・エピローグ:そしてパンツは守られた 1/3
我は我の知らぬところで、震天動地の大事変を引き起こしていたようだ。
我らが円環の瞳と名付けたあの巨大構造物は、ただの偵察基地ではなかった。
あれは欲深き円環が、各地のエーテル体を運用するために存在していた。
我はそれを天より叩き墜としたのだ。
「さすがはミルディン! それでこそ我らザナームの参謀よ!」
「いえ、想定外の展開になりました……。先の計画の修正に、しばらく頭を悩ませることになりそうです……」
「ナハハハハッ、全て計算通り!! そう居直ってしまえっ!!」
「不用意な嘘は好きではありません。真実をいたずらに遠ざけてしまいますから……」
エーテル体は統制を失った。
特に索敵能力が極端に下がり、奇襲に弱くなった。
特に罠が有効だ。
やつらは獣にも劣る群れに成り下がった。
「まあよいではないか、我らは勝ったのだ。ザナームは世界を救ったのだ」
「時々、私は貴女の愚かしさが羨ましくなります……」
「愚かで何が悪い。皆愚か者よ!」
ミルディンが頭を悩ませているのは、エーテル体どもの行方だ。
エーテル体どもは各地の戦線を捨て、大陸北部の旧帝国領に集結した。
そこで守りの体制に入るとミルディンは予想していたが、ある日我が偵察に出向くと、城塞ごと軍勢全てがこの世界から消えていた。
我らの勝利だ。
世界は救われた。
めでたし、めでたしだ。
「彼らはいずれ帰ってきます……」
「うむ、全裸の変態男もそう言っていたな!」
「そう、ですからこれはかりそめの平和なのです……。いえ、これで平和になるはずが、ありません……」
「そんなことばかり考えてるから眠れなくなるのだ!」
「私はザナームの参謀です。
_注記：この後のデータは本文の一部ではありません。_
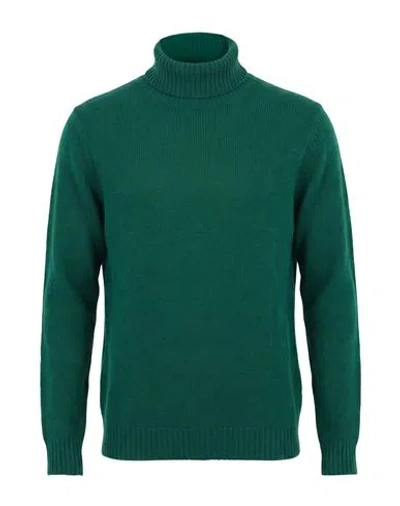 Retois Man Turtleneck Green Size S Wool, Polyamide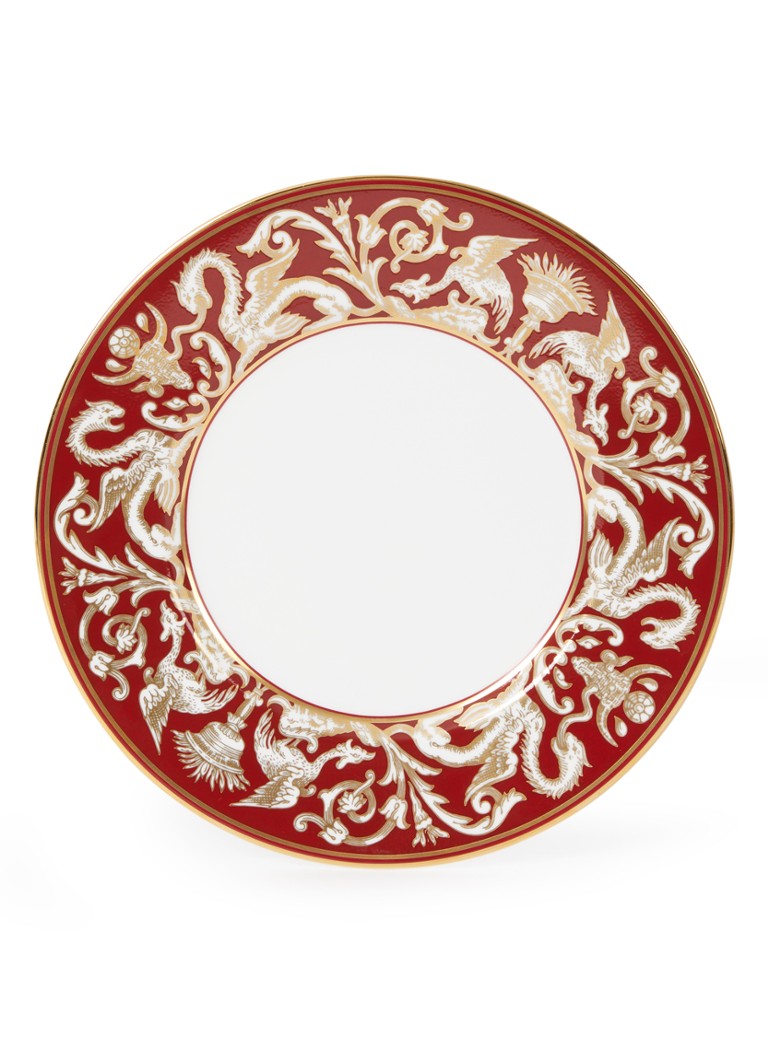 Wedgwood Renaissance Red dinerbord 22,8 cm Rood - Deal
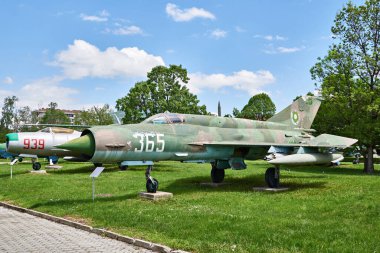 Sofia, Bulgaria, April 24, 2024; Aircraft MIG-21 in military museum clipart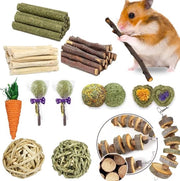 Giocattoli per Hamster in Legno di Pino Naturale - 31 Pezzi per Hamster, Conigli, Ratti e Altri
参謀が計算を違えるわけにはいかないのです」
オーリオーンの闇計画はちと成功し過ぎた。
我らの計画は世界の勢力図を書き換えてしまった。
魔軍という共通の敵が消え、魔軍という国境の壁がなくなった。
人間どもはいずれ、つまらぬ縄張り争いを始めるだろう。
「ミルディン、我らザナームはこれからどう動く? 本国に帰り、再び隠遁する道もあろう」
そうなったら我はパルヴァスと共にこのオルヴァールに残ろう。
あの愉快な芋将軍も付き合ってくれるであろうな!
「そのことですか……」
「去った軍勢のことは後で考えればよい。今はすぐそこの未来を考えようではないか」
我がそう言うと、いつだって考え過ぎのミルディンが不敵に笑った。
さすがは我を構成する母の内一人だ。
我とは頭の出来が違う。
「本国の返答次第ですが、私たちも地上の陣取り合戦に加わります」
「おおっっ、おおおおっっ!!」
「円環に滅ぼされた北方を掌握します。……竜族はもう、呪いによりこの世界には帰れませんが……」
「よい、やつらも満足であろう。十分とは言えぬが、我らが怨敵に一矢報いたのだ、喜んでいるはずだ」
我ら竜族は強過ぎた。
強さゆえに傲慢となり、人間に呪いをかけられたとも言えよう。
「ファフナ、これからも私に力を貸して下さい……」
「窮屈なここを出るというなら我も賛成だ。パルヴァスも高い空の下がよいだろう」
「では、滅びし都への植民の方向で、本国を説得しておきます……。それはそうとファフナ、こちらへ……」
「む、なんじゃ……? ぬぁっ、何をするっ!?」
「これは老婆心からの言葉ですが、男の子を振り向かせたいなら、髪くらいはちゃんとしなさい」
「やかましいわクソババァッ、いちいち母親づらするでないと言っておろうっ!」
「では彼は私が貰います」
「んなぁっ!? な、なぜそうなるっっ?! パルヴァスは我の物だっ母上には渡さんっっ!!」
「ふふふ……。母上でなく、たまにはお母さんって、呼んで下さい……」
「断るっっ!!」
いずれ円環は再び帰ってくるであろう。
それが明日か、1年後か、あるいは遙か1000年後かはわからない。
我はミルディンの気晴らしに髪だけ整えさせてやってから、愛しきつがい殿の笑顔を求めてオルヴァールの空に帰った。